TensorFlow Serving API allows sending the model input data in a variety of formats inside the TensorProto objects. Array data is passed inside the tensor_content field, which represents the input data buffer.

When the data is sent in the string_val field, such input is interpreted as a binary encoded image.

Note, that while the model metadata reports the inputs shape with layout NHWC, the binary data must be sent with shape: [N] with dtype: DT_STRING. Where N represents number of images converted to string bytes.

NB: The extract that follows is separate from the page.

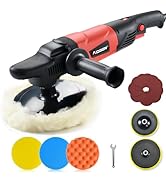 AOBEN Rotary Buffer Polisher,1200W 6-inch/ 7-inch Car Buffer,Car Polisher Waxer Kit with 6 Variab...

When sending data in the array format, all bytes are in the same sequence in tensor_content field and when loaded on the server side, the shape gives information on how to interpret them. For binary encoded data, bytes for each image in the batch are put in a separate sequence in the string_val field. The only information given by the tensor_shape field is the amount of images in the batch. On the server side, the bytes in each element of the string_val field are loaded, resized to match model input shape and converted to the OpenVINO-friendly array format by OpenCV.

HTTP

TensorFlow Serving API also allows sending binary encoded data via HTTP interface. The binary data needs to be Base64 encoded and put into inputs or instances field as a map in form:

<input_name>: {"b64":<Base64 encoded data>}

On the server side, the Base64 encoded data is decoded to raw binary and loaded using OpenCV which then converts it to OpenVINO-friendly data format for inference.

Usage examples

Sample clients that use binary inputs via TFS API can be found here (REST sample)/(GRPC sample) Also, see the (README)

Recommendations:

Sending the data in binary format can significantly simplify the client code and it’s preprocessing load. With the REST API client, only curl and base64 tool or the requests python package is needed. In case the original input data is jpeg or png encoded, there is no preprocessing needed to send the request.

Binary data can significantly reduce the network utilization. In many cases it allows reducing the latency and achieve very high throughput even with slower network bandwidth.